Les tablettes tactiles malmènent également notre posture, selon une étude publiée l’an dernier par des chercheurs de l’Université Harvard. Déplorant l’absence de lignes directrices sur la posture à adopter pour une utilisation ergonomique de ces appareils, les chercheurs ont évalué la variation de la position de la tête et du cou pendant la manipulation de deux tablettes de marques différentes. Conclusion : quelle que soit la position, la flexion de la tête et du cou est plus accentuée dans le cadre de l’utilisation d’une tablette que d’un ordinateur. Pour éviter les torticolis et les douleurs musculaires, mieux vaut poser sa tablette sur une table plutôt que sur ses genoux et se doter d’un étui permettant de donner un angle prononcé à la tablette, l’important étant d’incliner la tête le moins possible.

Les yeux

Passer plusieurs heures par jour devant l’écran rend-il myope ? Aucune étude n’a, à ce jour, fait état de conséquences durables des tablettes ou téléphones sur la vue. Or, il a été prouvé que les activités de près sont un facteur de risque de la myopie, note Jean-Marie Hanssens.

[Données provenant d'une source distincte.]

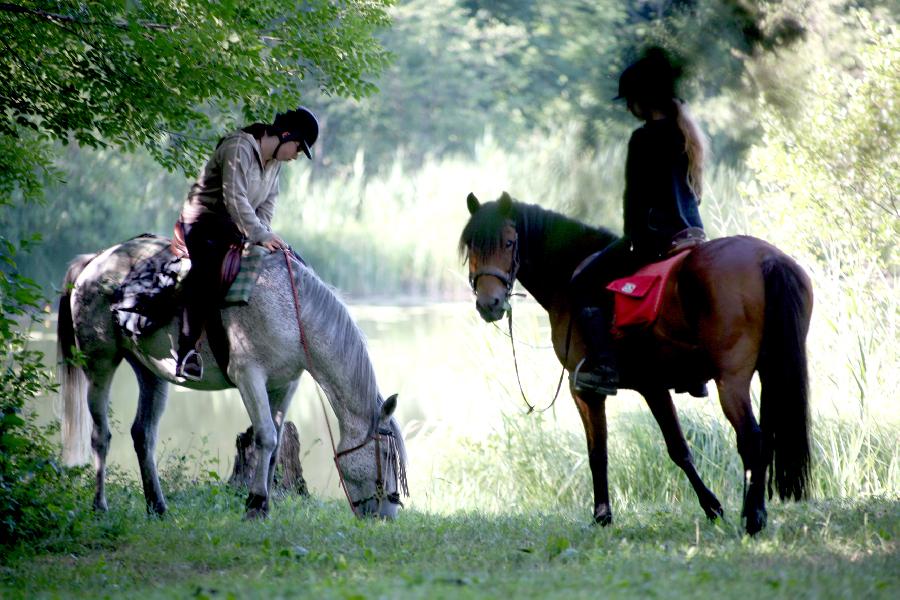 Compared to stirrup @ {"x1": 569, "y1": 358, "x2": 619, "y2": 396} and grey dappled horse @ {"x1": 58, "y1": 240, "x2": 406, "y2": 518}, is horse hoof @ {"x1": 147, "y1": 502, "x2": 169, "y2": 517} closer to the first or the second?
grey dappled horse @ {"x1": 58, "y1": 240, "x2": 406, "y2": 518}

« Sur le plan clinique, les optométristes voient qu’il y a des conséquences sur le confort des utilisateurs, observe-t-il. Ce sont des conséquences qui sont en général temporaires. Le simple arrêt d’utilisation ou le repos de quelques minutes va avoir un effet significatif sur ces symptômes-là. » Parmi ceux-ci, on note la fatigue, l’embrouillement, le picotement, la sécheresse oculaire et les maux de tête, des symptômes qui s’apparentent à ceux de l'utilisation de l’ordinateur. Rien de nouveau, donc, mais depuis l’arrivée des tablettes, le temps passé devant l’écran augmente et le nombre de personnes se plaignant d’inconfort aussi, rapporte Jean-Marie Hanssens.

Pour augmenter le confort visuel, il est recommandé de tenir votre tablette à environ 40 à 45 cm des yeux, d’être dans un endroit éclairé, de cligner des yeux régulièrement et de mettre en pratique la règle 20-20-20 (regarder à 20 m pendant 20 secondes, toutes les 20 minutes).

Et les ondes ?

Certains montrent également du doigt les effets des ondes électromagnétiques émises par les téléphones et l’internet sans fil. En 2011, l’Agence internationale de recherches sur le cancer (IARC) liée à l’Organisation mondiale de la santé (OMS) a qualifié ces ondes de « peut-être cancérigènes » pour l’être humain. L’IARC a caractérisé de limitées les preuves scientifiques liant le cellulaire à une augmentation du gliome (tumeur cérébrale) ou du neurinome acoustique (tumeur de l’oreille interne). Quant à l’exposition aux ondes dans l’environnement, rien ne permet de conclure à un impact sur le cancer.

De plus, certaines personnes disent souffrir d’hypersensibilité électromagnétique, ce qui se traduirait notamment par des étourdissements, des nausées et de la fatigue. Bien que l'OMS reconnaisse ces symptômes comme réels, elle n’établit toutefois pas de lien de causalité avec l’exposition à de telles ondes.